Waldtraud und Manfred Lindner spazieren regelmäßig durch den Gründelpark.
Foto: Wiegand Sturm
Gründelpark bekommt seinen Charakter zurück
Weiterer Abschnitt entlang des Hauptwegs fertig gestellt
Glauchau. Manfred Lindner freut sich schon auf den Frühling. "Wenn im Mai hier alles grünt und blüht, sieht es bestimmt fantastisch aus", sagt der 68-Jährige aus dem Ortsteil Hölzel mit Blick auf die Fläche zwischen Gründelallee, Gelectra-Immobilie und Hammerwiese. Mit seiner Frau geht er nahezu regelmäßig durch den Glauchauer Gründelpark spazieren und hat die Arbeiten der vergangenen Wochen und Monate beobachtet. "Der Gründelpark wird wieder ein richtiger Park", sagt er. "Dort zeigt sich die ordnende Hand des Gärtners".

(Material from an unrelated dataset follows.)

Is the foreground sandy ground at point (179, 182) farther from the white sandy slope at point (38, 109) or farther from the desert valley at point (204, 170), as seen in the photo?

Im Gründelpark hat die Stadt als Eigentümerin noch jede Menge zu tun. Das, was entlang der Allee gemacht wurde, ist nur ein Teil des gesamten Gestaltungskonzeptes für den Park, das im Jahr 2006 im Stadtrat beschlossen wurde. "Aus dem unansehnlichen Stangenwald ist wieder eine attraktive Fläche geworden", sagt Dezernent Steffen Naumann, der für Glauchaus Immobilien zuständig ist und die Arbeiten in den Grünanlagen der Stadt koordiniert. Von Oktober bis Jahresende wurden die Stangenbäume beseitigt, die alten Baumstümpfe entfernt sowie Laub und wilder Müll entsorgt. Neue Bäume und Sträucher kamen in die Erde. 70 Eiben, zehn Rhododendren, fünf Blutbuchen, drei Traubeneichen sowie eine Tulpenmagnolie und ein Ahorn gehören zur Bilanz der Pflanzaktion.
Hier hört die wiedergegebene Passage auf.